La table avance dans le gros bazar. Non ce n'est pas une porte spatio-temporelle. Olivier me dit de ne plus bouger. Oui bon ça va,
suis pas sotte. Et puis j'ai pas envie. WOUAH!!!
Bonjour le bruit ! Ça tape. Ça grésille. Ça crépite. Ça saccade (si ça existe !) Imaginez la dernière fois que vous avez emmené un ado mâle de votre connaissance aux jeux d'Arcade… ben
c'est la même en dix fois plus fort. L'odeur en moins, je vous l'accorde. Je perçois que les BEATLES me chantent très gentiment ma-chanson-à-moi dans le
casque. Une autre chanson commence. Cest long. Ah, Olivier me cause. Je ne bouge plus, on va commencer (c'étaient les préliminaires. Pfff), le produit va s'injecter (pinaiz je l'avais oublié,
lui). Olivier précise "Ça va durer 10 minutes". Bon. Zut, ça appuie sous l'œil. Tant pire. 10 minutes, je peux le faire.
Eh bien, mesdames z'et messieurs, vous le croirez si vous voulez, j'ai
dodassé! Dans le bruit, les tac-tac et la fureur, les chansons à peine perçues dans le casque, MiC s'est laissée aller à somnoler.

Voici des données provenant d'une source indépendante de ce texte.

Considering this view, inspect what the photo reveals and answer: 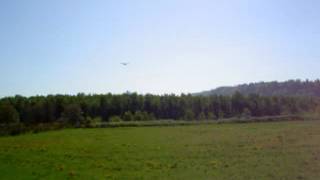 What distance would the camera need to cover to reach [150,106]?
161m

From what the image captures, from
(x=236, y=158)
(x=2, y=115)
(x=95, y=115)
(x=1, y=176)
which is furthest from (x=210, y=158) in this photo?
(x=95, y=115)

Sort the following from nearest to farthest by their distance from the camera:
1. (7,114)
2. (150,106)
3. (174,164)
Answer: (174,164) < (7,114) < (150,106)

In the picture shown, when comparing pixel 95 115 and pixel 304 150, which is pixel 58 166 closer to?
pixel 304 150

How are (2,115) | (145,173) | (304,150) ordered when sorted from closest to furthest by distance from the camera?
(145,173) < (304,150) < (2,115)

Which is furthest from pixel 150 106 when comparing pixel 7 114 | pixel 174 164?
pixel 174 164

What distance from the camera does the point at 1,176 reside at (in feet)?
91.3

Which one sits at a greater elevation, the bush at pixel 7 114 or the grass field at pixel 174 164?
the bush at pixel 7 114

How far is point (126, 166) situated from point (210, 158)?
Answer: 20.7 feet

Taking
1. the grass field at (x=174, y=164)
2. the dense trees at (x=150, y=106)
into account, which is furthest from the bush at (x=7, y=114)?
the grass field at (x=174, y=164)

Qui me parle ? D'où qu'on me parle ? J'en suis restée à pas bouger, moi. Olivier me dit "C'est fini". Je respire un grand coup. Olivier pose la seringue sur ma main droite. Enfer ! Elle est pleine ! Olivier sourit, je l'entends à sa réponse : c'en est une autre, pleine d'eau pour pousser le produit. Pfiou, n'a eu peur de me le refaire.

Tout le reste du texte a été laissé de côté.